In my last two years of high school, I went to four proms.

Yes, four. One in my junior year, three in my senior.

I don’t think I realized what I had done until I had three corsages in hand. I wasn’t obsessed with the idea of proms nor even remotely “a stud” back then, but I do think there’s something charmingly constant about senior proms. The dance floor is a petri dish of people that suffered puberty with you, sure, but the inevitable last slow jam (which is always “End of the Road” by Boyz II Men, no matter which senior prom you’re at) followed by driving off aimlessly into the night with friends feels like some necessary teenage rite in retrospect.

It might be because the fittingly titled Teen Dream came out around the time of said proms, but I feel like Beach House understand that head space of post-prom wandering. Every album is a slow evolution, the dead thump of their dated drum machine as familiar as Alex Scally’s woozy guitar work or Victoria Legrand’s stunningly husky voice. Kept mostly in the dark save a few projections against cloth structures and a starry night backdrop, their set on Friday occupied the aesthetics of a basement after party far more than a sold out show at House of Blues.
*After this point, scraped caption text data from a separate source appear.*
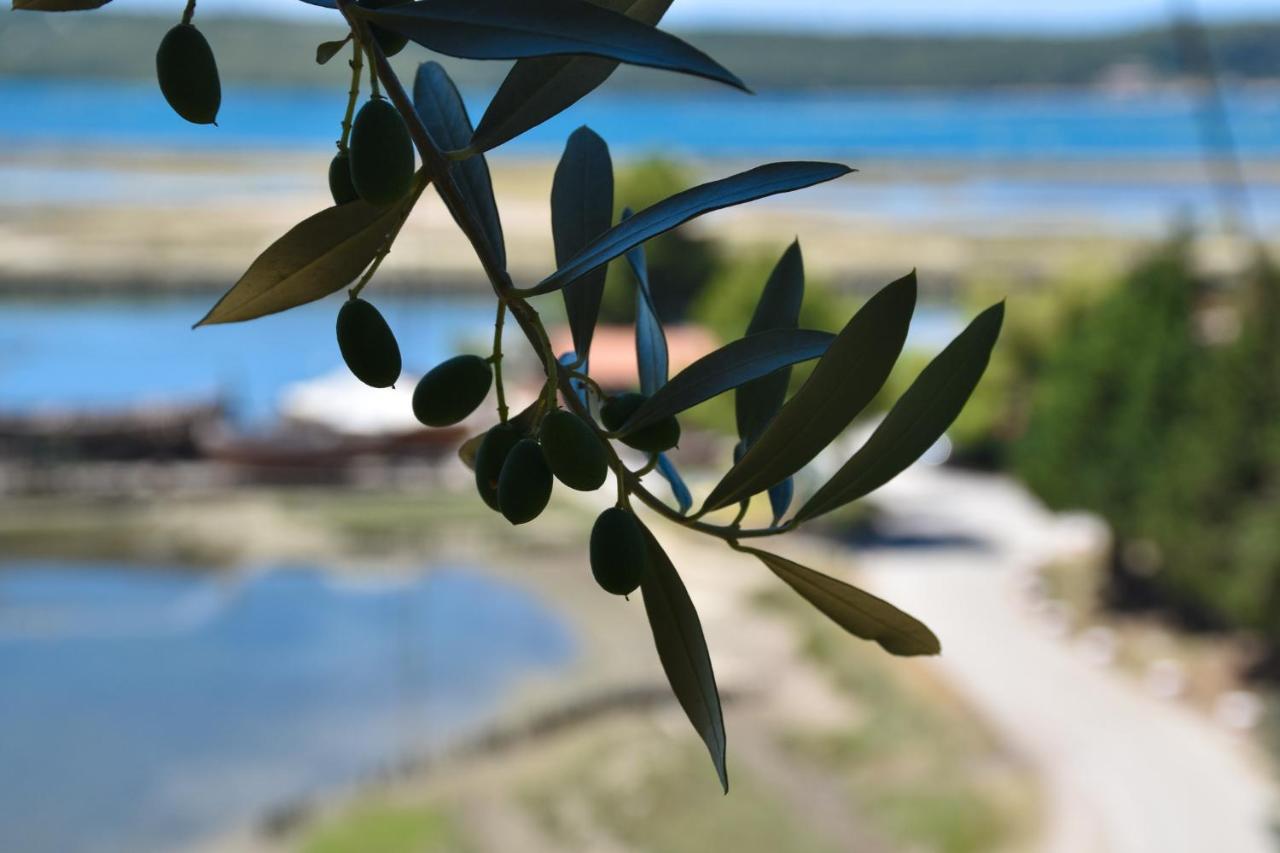 Olive Garden & Sea Apartments Portorož Kültér fotó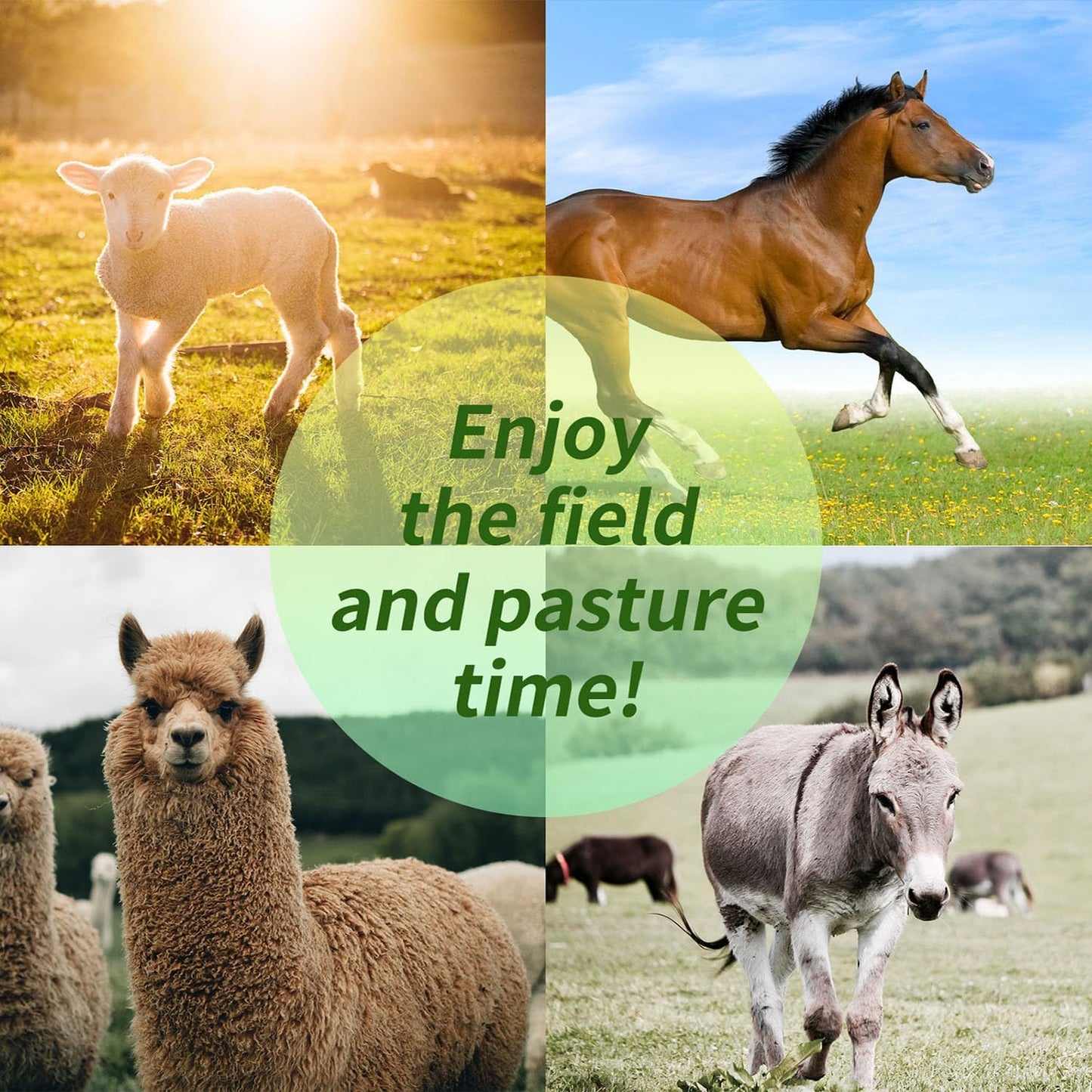 17-Inch Equine Ball for Play & Training - Anti-Burst, Mega Horse Soccer Ball for Goat, Donkey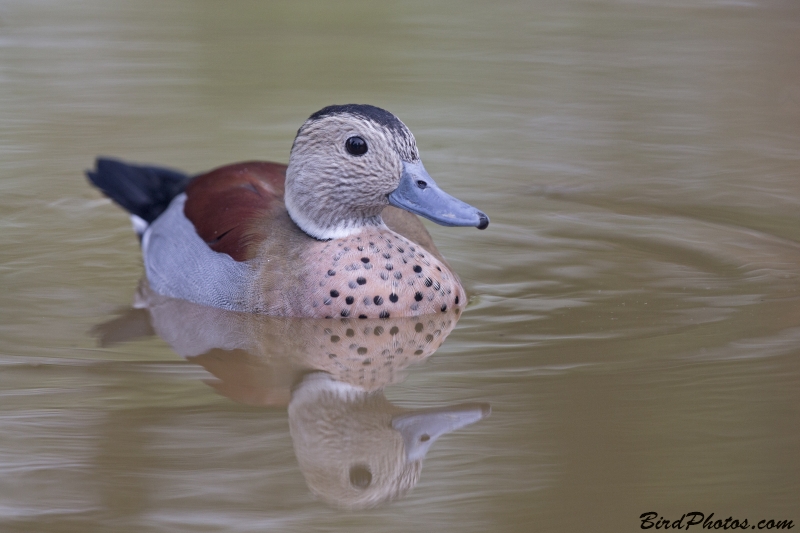Ringed Teal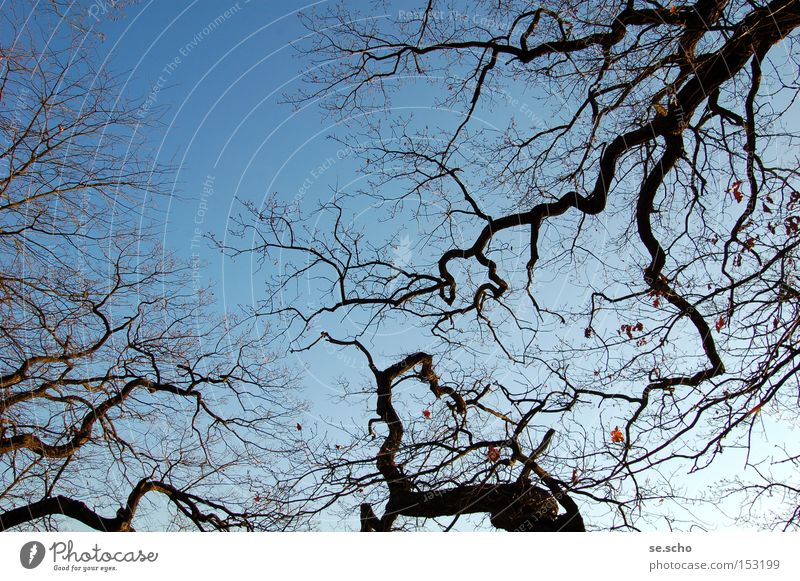 Winterbäume Baum Ast Zweig verzweigt Himmel blau kalt Silhouette Fraktal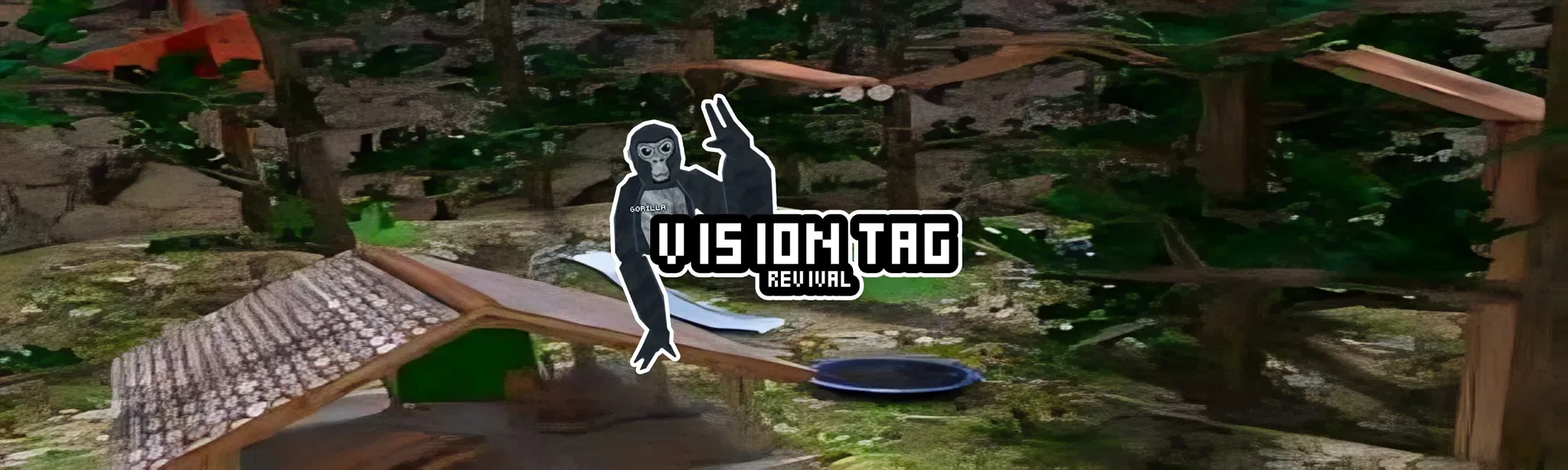 Vision Tag Revival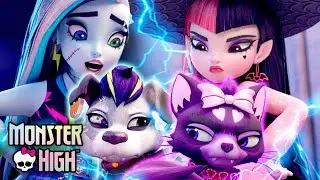 Frankie & Draculaura&rsquo;s Pets Get Caught By Humans?! | Monster High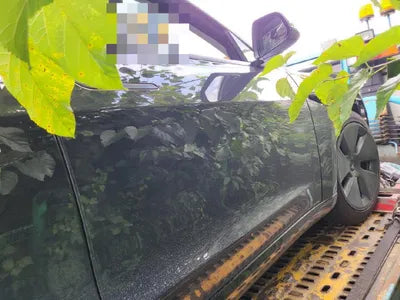 2022 Tesla Model 3 VIN: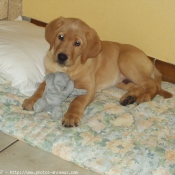 Photo de Labrador retriever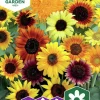 Fröer Solros Blandade Sorter Hög>Nelson Garden Discount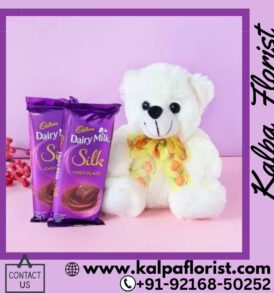 Teddy And Chocolates ( Online Gift Delivery In Ludhiana )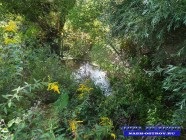 insula noastră (foto). insula noastră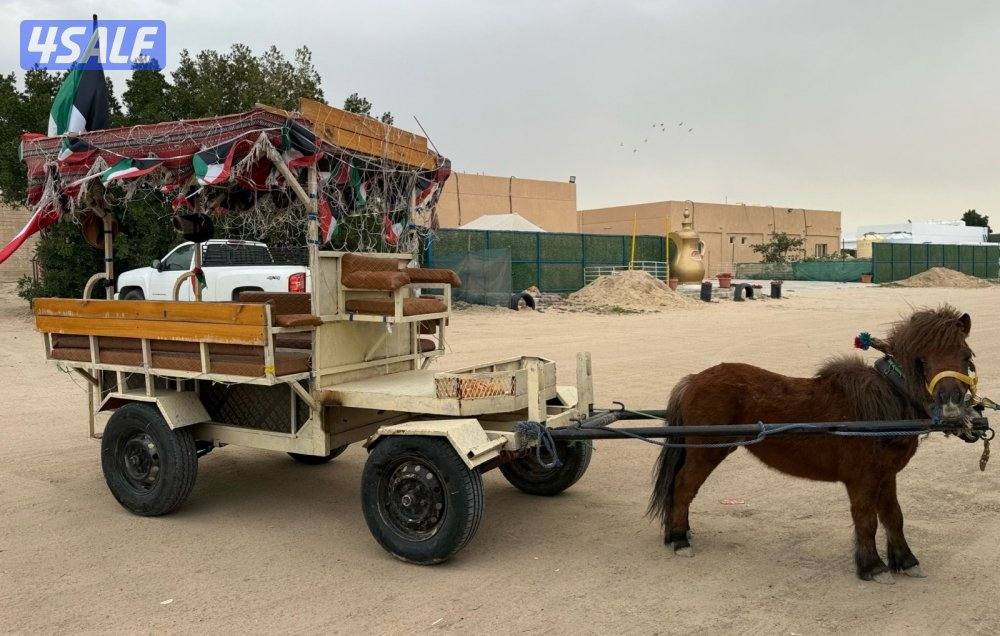 بونيات وعربانات6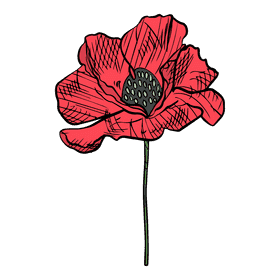 Poppies clipart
After a smirking reference to the teen comedy Dazed and Confused (one of her favorites, she professed), Legrand launched into the performance of the night with “Somewhere Tonight”, the dreamy closing track from last year’s Thank Your Lucky Stars. Argue what you will of Beach House’s relatively unchanging sound or the two albums they released within six months last year (and this is coming from one of the few that defend Stars over Depression Cherry some days), but the Baltimore duo know how to attempt adolescent emotionality without curdling into the overwrought. As the House of Blues’s massive disco ball whirred to life, the shame of being a four-time prom attendee melted a little in the Twin Peaks-esque doo-wop worship of “Tonight”. Proms will never not be an embarrassing ritual, but Friday’s set proved that improvement is possible if we occasionally retire Boyz II Men and let Beach House have their slow dance crown.